La disolución de Vialidad Nacional, decretada por el gobierno de Javier Milei mediante el DNU 461/25, expone no solo una nueva etapa en el ajuste estatal, sino una reconfiguración profunda del control sobre el aparato de infraestructura nacional. Detrás del discurso de eficiencia y desregulación, el movimiento revela una disputa por la caja, los activos estratégicos y la capacidad del Estado para ejecutar obra pública

La medida, atribuida al ministro de Desregulación Federico Sturzenegger, pero ejecutada por el ministro de Economía, Luis “Toto” Caputo, se inscribe en una lógica clara: centralizar recursos, avanzar con liquidaciones de activos estatales y reducir personal, todo en nombre del ajuste fiscal. En la práctica, se trata de una jugada que permite al Ejecutivo absorber fondos presupuestarios no ejecutados y activar un circuito de venta de bienes inmuebles estatales con potencial interés para el sector privado.
De la obra pública a la caja
Los datos son significativos. Se estima que entre 400.000 y 500.000 millones de pesos en partidas asignadas a Vialidad podrían quedar bajo libre disponibilidad de la Tesorería Nacional, así como la posibilidad de embolsar hasta 200 millones de dólares por venta de terrenos e inmuebles viales considerados “innecesarios”.

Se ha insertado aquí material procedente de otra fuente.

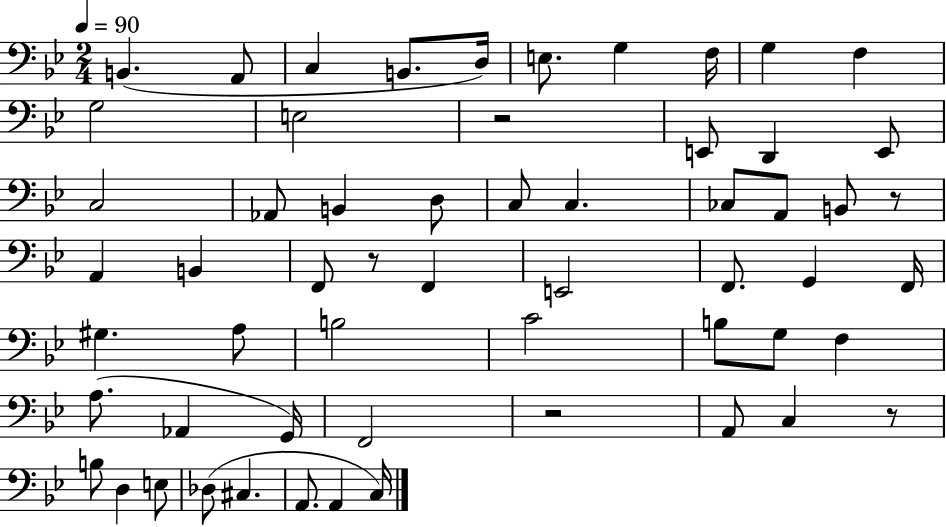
B2/q. A2/e C3/q B2/e. D3/s E3/e. G3/q F3/s G3/q F3/q G3/h E3/h R/h E2/e D2/q E2/e C3/h Ab2/e B2/q D3/e C3/e C3/q. CES3/e A2/e B2/e R/e A2/q B2/q F2/e R/e F2/q E2/h F2/e. G2/q F2/s G#3/q. A3/e B3/h C4/h B3/e G3/e F3/q A3/e. Ab2/q G2/s F2/h R/h A2/e C3/q R/e B3/e D3/q E3/e Db3/e C#3/q. A2/e. A2/q C3/s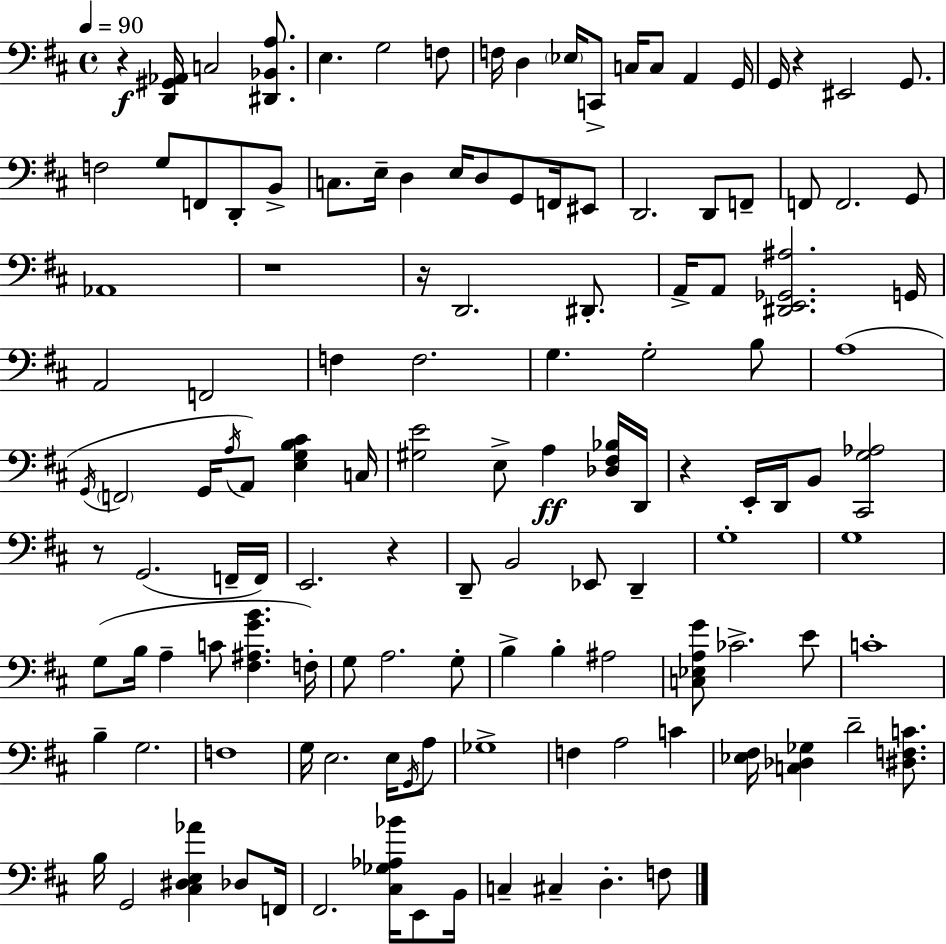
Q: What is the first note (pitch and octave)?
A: C3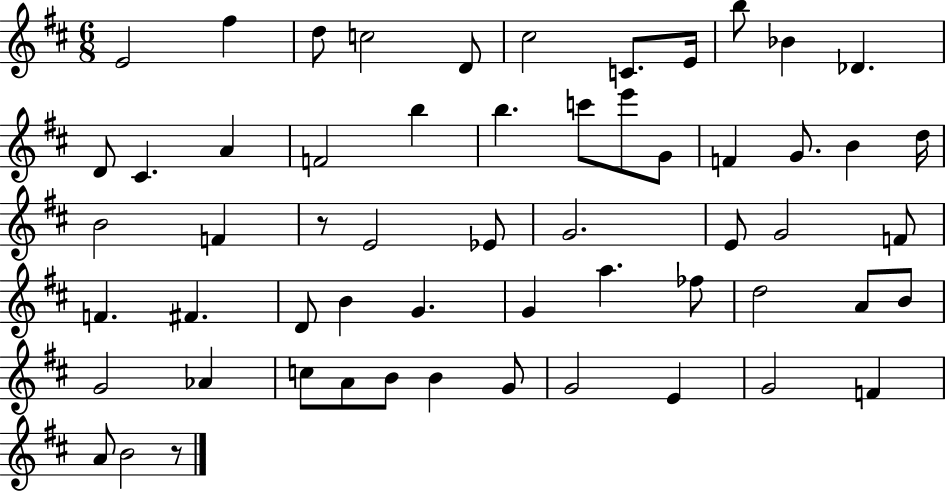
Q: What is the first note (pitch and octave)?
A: E4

En ese sentido, Caputo consolida el manejo directo de un área históricamente estratégica, tanto en lo económico como en lo político: la obra pública vial, motor de empleo, inversión federal y gestión territorial. En lugar de suprimir funciones, se redirige el control hacia dependencias más próximas al Palacio de Hacienda y se habilita la creación de una nueva Agencia de Control de Concesiones, que asumirá buena parte del rol regulador con foco en privatizaciones y concesiones.
Reducción de personal y resistencia creciente
El movimiento se completa con un objetivo no declarado: una reducción del 40 al 50% de la planta de personal de Vialidad. Actualmente, el organismo cuenta con más de 5.100 empleados, pero el plan del Ejecutivo es reducir esa cifra a menos de 3.000, en línea con la idea de “Estado mínimo”.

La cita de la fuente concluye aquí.